The National Association of Realtors published their 2016 Profile of Homebuyers and Sellers
For most home buyers, the purchase of real estate is one of the largest financial transactions they will make. Buyers purchase a home not only for the desire to own a home of their own, but also because of changes in jobs, family situations, and the need for a smaller or larger living area. This annual survey conducted by the NATIONAL ASSOCIATION OF REALTORS® of recent home buyers and sellers provides insight into detailed information about their experiences with this important transaction. Here are highlights from the latest report.
■ At 31%, the primary reason for purchasing a home was the desire to own a home of their own.
■ First-time buyers made up 35% of all home buyers, an increase over last year’s near all-time low of 32 percent.

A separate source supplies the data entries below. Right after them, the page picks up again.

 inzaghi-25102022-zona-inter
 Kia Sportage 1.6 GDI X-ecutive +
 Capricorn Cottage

■ 88% of buyers recently purchased their home through a real estate agent or broker.
■ 88% of buyers would use their agent again or recommend their agent to others.

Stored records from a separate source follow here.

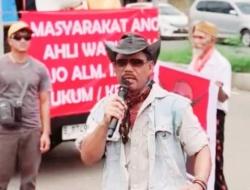 Sidang Tambahan Sengketa Tanah Keranga, Bukti Baru Pemohon Banding Dinilai Tidak Urgen, Fakta Hukum Dipertanyakan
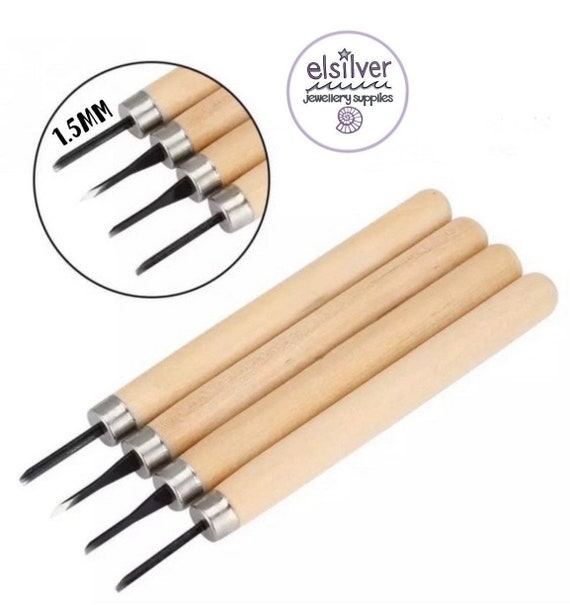 Micro carving tool set discount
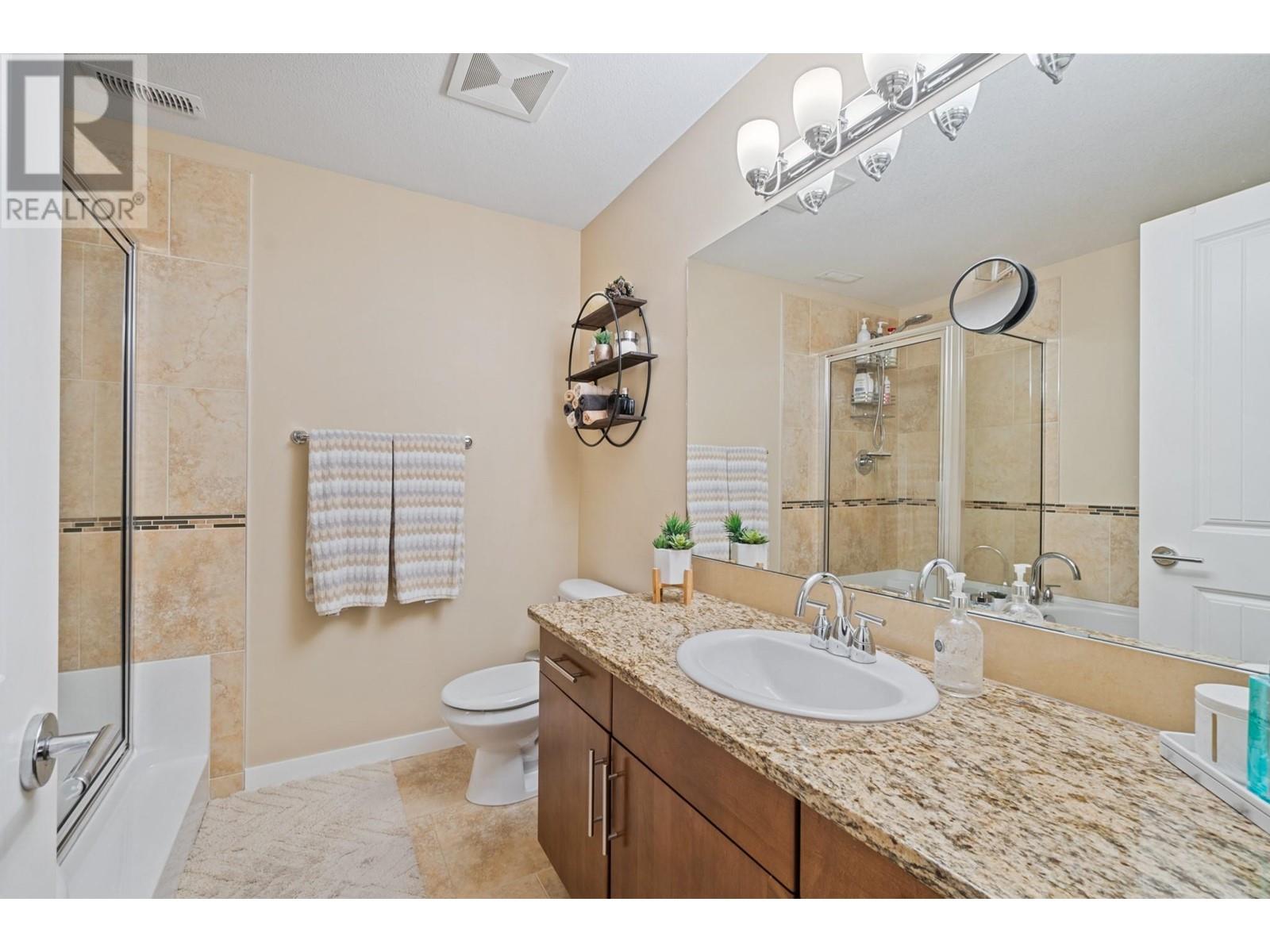 #302 1933 AMBROSI ROAD - Image 9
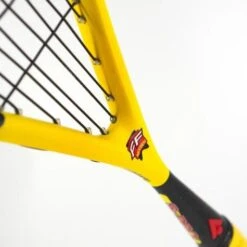 Karakal S Pro Elite 2.0 Squash Racket -Ball Sports Shop sproelite 3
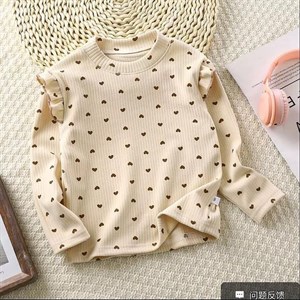 Прямые поставки из Фабрик Доставка по всему СНГ качественные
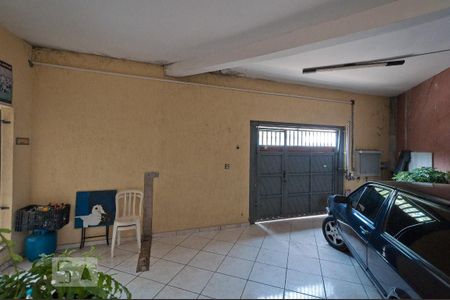 Casa à venda com 150m², 2 quartos e 1 vagaGaragem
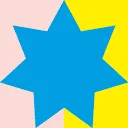 Logo Thuis bij Sanne
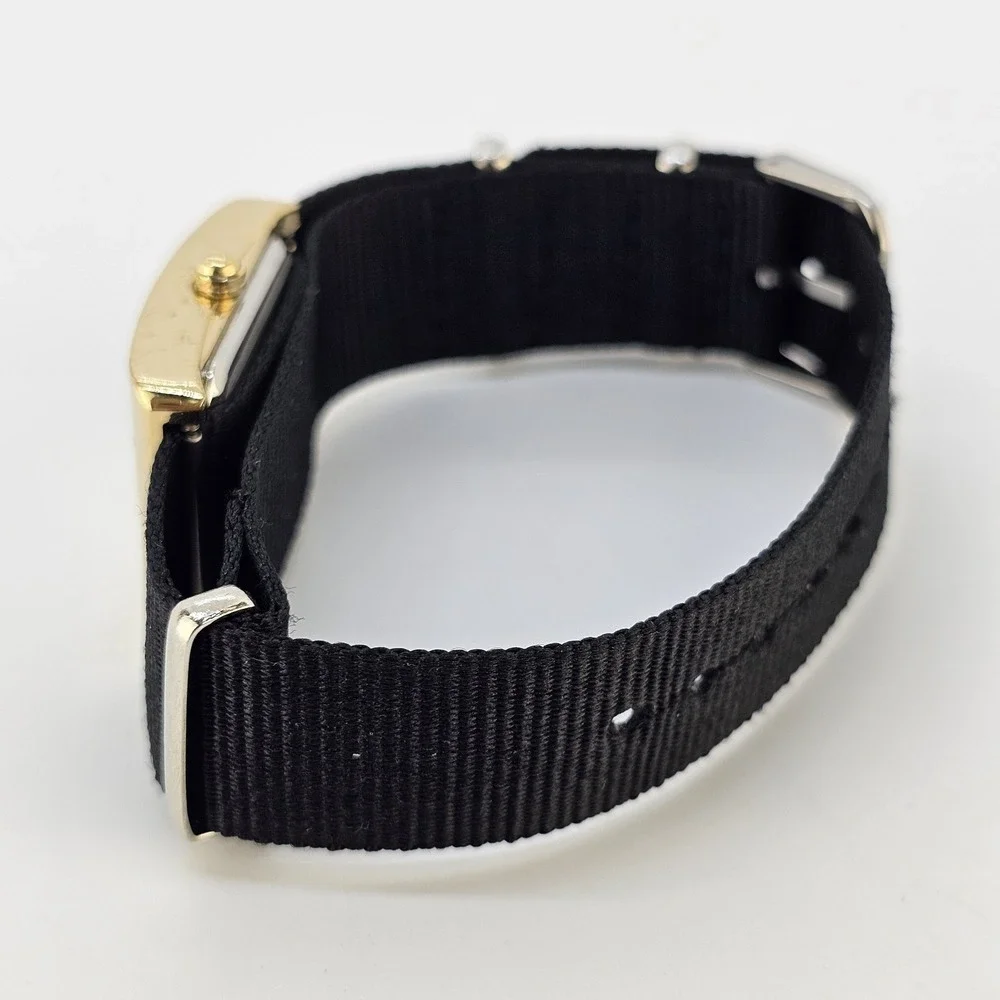 Nine West used working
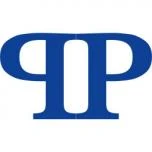 Logo Pharma-Peter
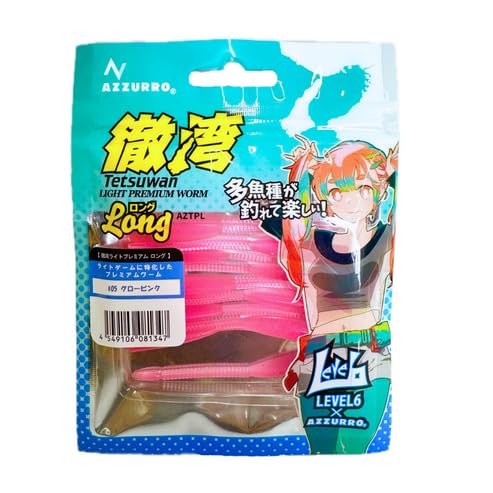 AY[ A[ [ OpCgv~AO CgQ[ AW oyAWO oO KVO CgQ[ o`R AW AWR AWq xNz (O[sN)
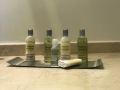 doubletree-by-hilton-la-torre-golf-and-spa-resort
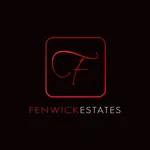 Fenwick Estates logo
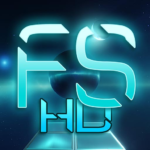 Fractal Space HD 2.657 APK (MOD, Full Version)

■ 8% of recent home sales were FSBO sales again this year. For the second year, this is the lowest share recorded since this report started in 1981.
In 2016, the share of first-time home buyers was 35%, a three-point increase over last year’s 32%. This figure gravitates back towards the historical norm at 40% of the market. The median household income of buyers increased again this year, likely due to a nationwide increase in home prices caused by a lack of housing inventory. Married and unmarried couples have double the buying power of single home buyers, and may be better able to meet the price increases of this housing market. Tightened inventory is affecting the home search process of buyers. Due to suppressed inventory levels in many areas of the country, buyers are typically purchasing more expensive homes as prices increase. The number of weeks a buyer is searching for a home remained at 10 weeks. Buyers continue to report the most difficult task for them in the home buying process is simply finding the right home to purchase. Tenure in the home has returned to a peak of 10 years again this year. Historically, tenure in the home has been six to seven years. Sellers may now have the equity and buyer demand to sell their home after stalling or delaying their home sale but may be facing reduced affordability to buy a new home.